Altiris Inc., which notched a $50 million IPO on May 22, was the first software-related company to price in 2002. Since its $10 per share offer, its stock, like others in the sector, has taken a dip. As the company exited its quiet period last week, CEO Gregory Butterfield sat down with Private Equity Week to talk about life as a public company, particularly as an IT management company starting out in such an anti-tech atmosphere.
When was the decision made by Altiris to seek a public offering?
We have been actively pursuing this financing event since about Q3 2001. I’ve been with the company two-and- a-half years, and we’ve been functioning as if we were a public company, even though we were privately held. What I mean by that is the level of accountability with regards to reporting and everything else. In fact, in two-and- a-half years we’ve done three private rounds, and we concluded that based on where we were as a company…based on the fact we were doing much larger transactions with larger companies who wanted to get confidence and drill down into the financial stability of the company, that it made sense at this time based on our performance.
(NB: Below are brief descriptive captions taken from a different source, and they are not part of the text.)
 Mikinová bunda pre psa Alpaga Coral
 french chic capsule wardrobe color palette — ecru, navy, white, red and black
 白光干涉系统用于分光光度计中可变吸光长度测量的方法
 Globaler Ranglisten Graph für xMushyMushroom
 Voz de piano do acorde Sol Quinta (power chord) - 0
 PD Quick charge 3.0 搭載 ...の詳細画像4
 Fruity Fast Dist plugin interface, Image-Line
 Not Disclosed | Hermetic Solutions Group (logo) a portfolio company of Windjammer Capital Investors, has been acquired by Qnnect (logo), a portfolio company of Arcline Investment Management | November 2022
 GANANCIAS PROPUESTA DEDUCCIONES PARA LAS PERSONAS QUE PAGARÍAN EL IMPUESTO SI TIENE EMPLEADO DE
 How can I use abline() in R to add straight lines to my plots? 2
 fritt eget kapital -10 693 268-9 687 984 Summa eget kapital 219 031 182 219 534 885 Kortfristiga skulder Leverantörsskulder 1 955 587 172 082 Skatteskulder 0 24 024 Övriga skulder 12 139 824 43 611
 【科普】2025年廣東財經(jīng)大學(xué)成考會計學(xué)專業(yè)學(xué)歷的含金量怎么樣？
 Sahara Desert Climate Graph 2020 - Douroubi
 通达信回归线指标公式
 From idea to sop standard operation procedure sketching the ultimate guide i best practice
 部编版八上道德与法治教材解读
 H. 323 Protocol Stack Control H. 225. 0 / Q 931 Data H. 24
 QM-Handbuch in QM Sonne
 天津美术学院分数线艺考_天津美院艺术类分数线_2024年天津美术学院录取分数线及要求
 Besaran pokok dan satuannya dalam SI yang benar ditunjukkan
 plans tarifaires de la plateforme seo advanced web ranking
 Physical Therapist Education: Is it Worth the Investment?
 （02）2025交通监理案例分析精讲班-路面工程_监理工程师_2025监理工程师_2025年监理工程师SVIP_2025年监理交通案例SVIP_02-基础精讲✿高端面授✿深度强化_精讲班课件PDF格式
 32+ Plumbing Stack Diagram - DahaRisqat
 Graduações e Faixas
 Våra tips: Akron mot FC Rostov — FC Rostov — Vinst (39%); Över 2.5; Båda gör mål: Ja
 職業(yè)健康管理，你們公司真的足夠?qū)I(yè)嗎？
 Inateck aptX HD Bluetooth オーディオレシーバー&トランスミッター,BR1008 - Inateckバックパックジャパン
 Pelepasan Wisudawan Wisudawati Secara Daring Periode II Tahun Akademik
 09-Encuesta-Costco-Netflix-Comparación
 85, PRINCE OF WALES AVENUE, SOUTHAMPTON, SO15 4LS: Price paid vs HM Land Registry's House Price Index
Even though the market has been hit substantially – Altiris has gone kind of upstream or against the grain – we felt it was in our best interest.
Since you had financing behind you and considering the IPO market over the last year, why did you go public now instead of waiting another 12 months?
We concluded Altiris could not control the overall market and, as you know, the software sector has been under a significant amount of pressure, especially in recent weeks. Based on all our due diligence as well as working with the brightest minds in the industry, trying to conclude and forecast where we thought the market should be… we concluded to move forward just based on our overall performance. We’ve had two years of 200% plus growth and nine sequential quarters of quarter-over-quarter growth and felt it was necessary for the company to go to the next level.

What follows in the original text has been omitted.